• **WHAT TO PRODUCE**
The material below holds a span beginning at the line with "Gebraucht BMW 116" and ending at the line with "Pan William, amerykański". Quote that span exactly, both ends included, and only that span.

• **DATASET**
####

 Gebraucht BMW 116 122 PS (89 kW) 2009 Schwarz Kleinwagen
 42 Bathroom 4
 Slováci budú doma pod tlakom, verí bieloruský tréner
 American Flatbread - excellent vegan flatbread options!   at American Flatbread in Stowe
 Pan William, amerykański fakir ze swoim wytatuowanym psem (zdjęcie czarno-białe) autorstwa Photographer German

####

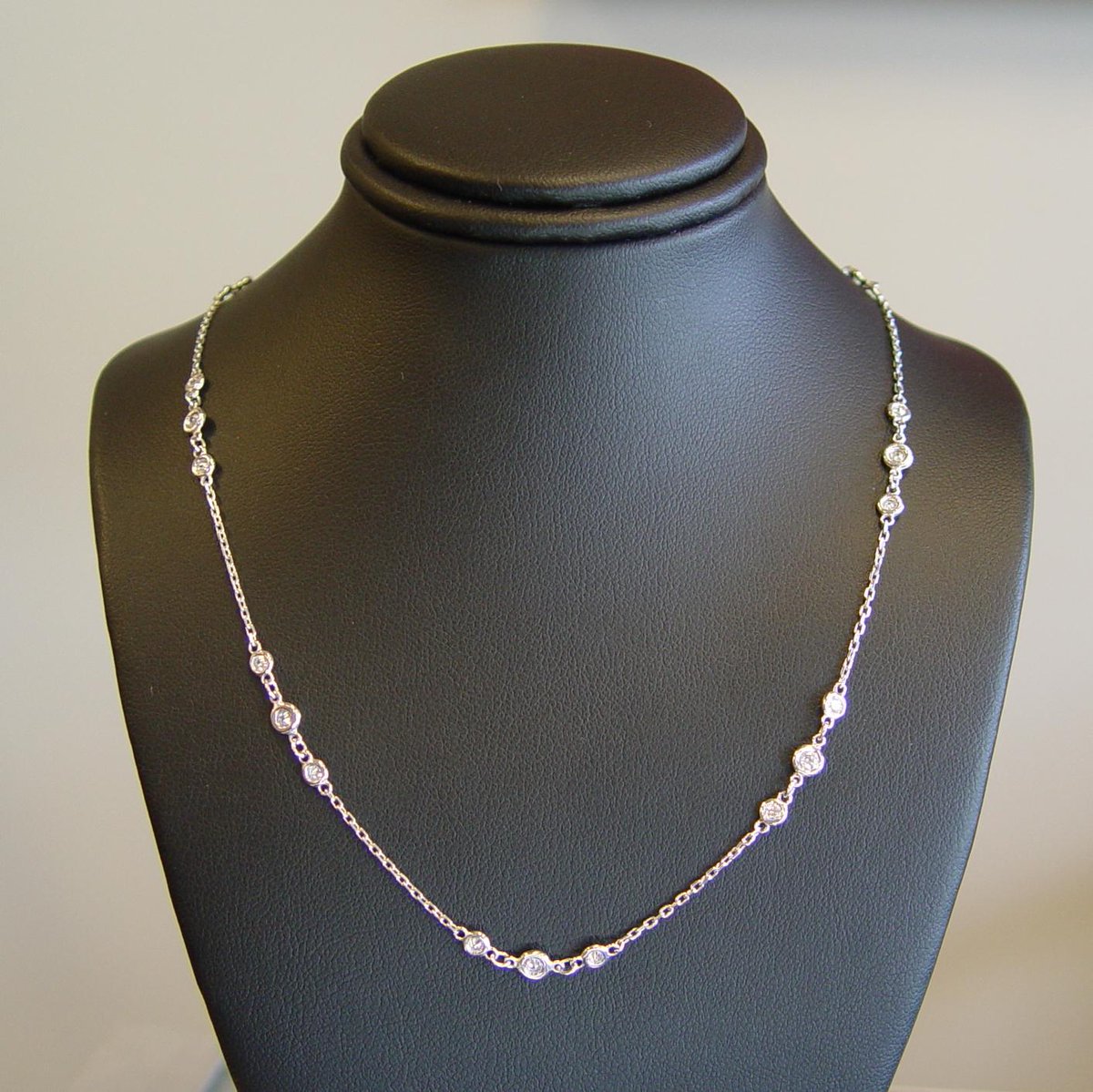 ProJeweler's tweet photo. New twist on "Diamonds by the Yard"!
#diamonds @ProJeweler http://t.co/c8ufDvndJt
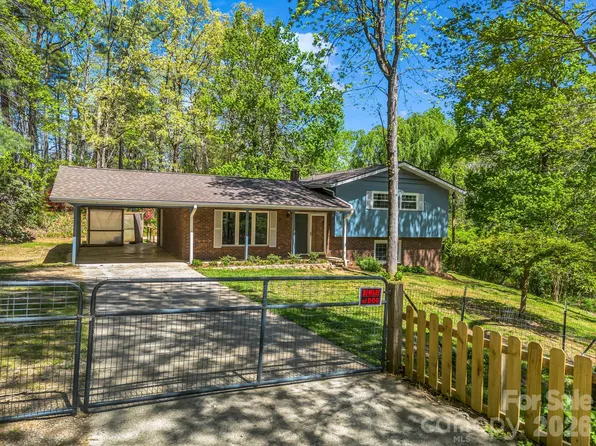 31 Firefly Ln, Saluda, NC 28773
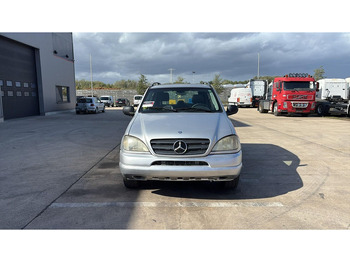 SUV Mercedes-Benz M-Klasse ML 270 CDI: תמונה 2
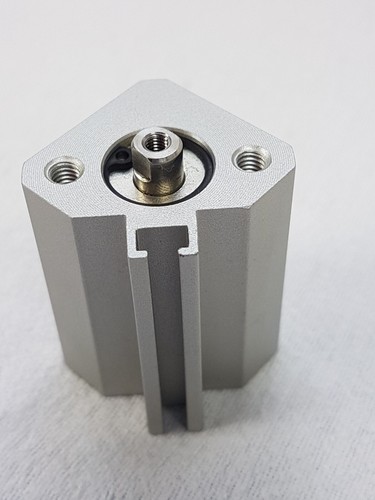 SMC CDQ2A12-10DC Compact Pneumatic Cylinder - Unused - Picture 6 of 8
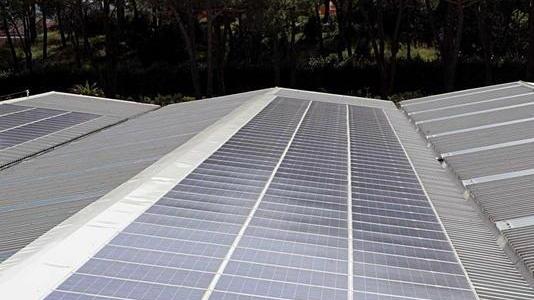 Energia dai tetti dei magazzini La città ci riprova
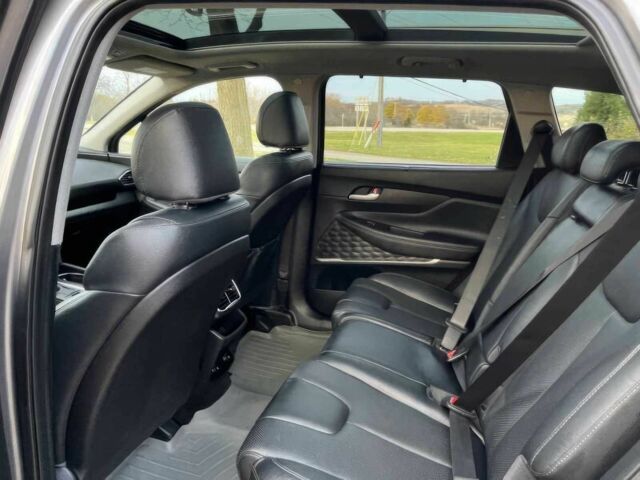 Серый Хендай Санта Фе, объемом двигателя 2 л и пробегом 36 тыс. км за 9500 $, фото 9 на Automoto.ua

####

• **RESPONSE AREA**
 Gebraucht BMW 116 122 PS (89 kW) 2009 Schwarz Kleinwagen
 42 Bathroom 4
 Slováci budú doma pod tlakom, verí bieloruský tréner
 American Flatbread - excellent vegan flatbread options!   at American Flatbread in Stowe
 Pan William, amerykański fakir ze swoim wytatuowanym psem (zdjęcie czarno-białe) autorstwa Photographer German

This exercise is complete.